Attablé au bar du Gros Temps, j'ai commandé une salade de homard en guise de dîner. La serveuse, une fille qui n'a vu de ses yeux gris que l'horizon proposé du rivage de Terre-Neuve, m'amène ma bière, bien fraîche. Les portes claquent, les volets cognent, la lumière s'affaiblit par instant, une énième tempête. Je n'ose même pas proposé mon regard à la vitre, je sais que je n'y verrais rien. Que de la brume sur cette terre abandonnée où autrefois vécurent des vikings et des inuits. Une brume de lait. Alors autant regarder le fond de mon verre, et ainsi ne plus penser à la vie. Putain de blizzard qui se lève aux aurores et qui semble jamais ne se fatiguer sur cette lande entre terre et mer. Dans le temps, les voyageurs pouvaient s'émerveiller de voir une baleine au loin, un soupir de désespoir ou d'exaspération qui s'élève de l'océan, ou un phoque allongé sur un morceau de glace qui dérive lentement, le long de l'horizon, une virgule noire sur un banc blanc. Je feuillette le journal local, L'Eider Cancaneur, savourant ainsi ces cancans éloignés.

A la une, les accidents de voiture. le rédac' en chef semble avoir un point d'honneur à mettre à l'honneur les accidents de la route, photos à l'appui. A défaut les accidents de bateaux, ou de motos-neige. Difficile à supporter, j'ai envie de tourner la page rapidement, mes doigts fébriles devant l'horreur d'une carcasse en feu tentent d'attraper mon verre de bière, sans en renverser la moindre goutte. Mission accomplie. J'ose tourner la page, d'autres carcasses en photos, des phoques chassés, des baleines échouées. C'est la vie et la mort en territoire hostile. Bien sûr, des tas d'annonces, signe d'un journal en pleine expansion, alors que la vie semble s'éteindre à petits feux ici. En dernière page le bulletin météorologique. Primordial, pour les pécheurs, ou simplement pour aller au boulot. Savoir si l'on prend la route ou la mer, ou si l'on reste calfeutré chez soi, avec sa bouteille de rhum, pendant que les vents remuent terre et cieux. Puis le mouvements des bateaux, ceux qui sont arrivés dans la baie, ceux qui en partent, ceux qui échouent, avaries matérielles, comme moi ici.

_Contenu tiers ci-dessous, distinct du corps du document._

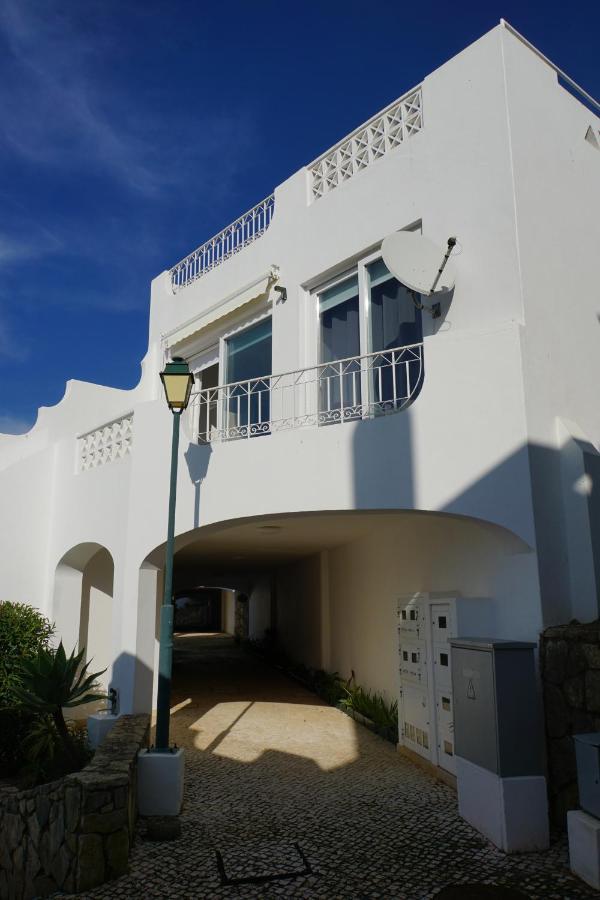 Vila Gaivota 3G เฟร์รากูโด ภายนอก รูปภาพ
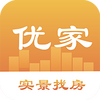 �ż��ⷿ(ʵ���ҷ�)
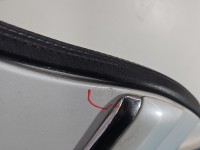 Drzwi tył prawe Citroen DS4 11-15 HB 5d KWE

Le Bar du Gros temps ferme ses portes, ses volets, ses lumières. Il est donc l'heure de rentrer chez soi, mais où est-ce chez moi, dans quelle cabane je vis, oublié par les bières de Terre-Neuve mon refuge. J'erre sur cette terre, de blanc glacée, une dernière danse dans le ciel semblent chanter albatros et lagopèdes à queue blanche. Guidée par la lune d'un bleu immaculée, j'échoue sur le rivage comme une grosse baleine en mal d'amour, ou un ivrogne en mal de caniveaux. En quelques pages, j'ai senti que cette terre était pour moi, belle et silencieuse, comme je les aime. Une ode à Terre-Neuve, brumeuse et enneigée. Des récifs sous l'eau ridée, une terre pour s'y abandonner.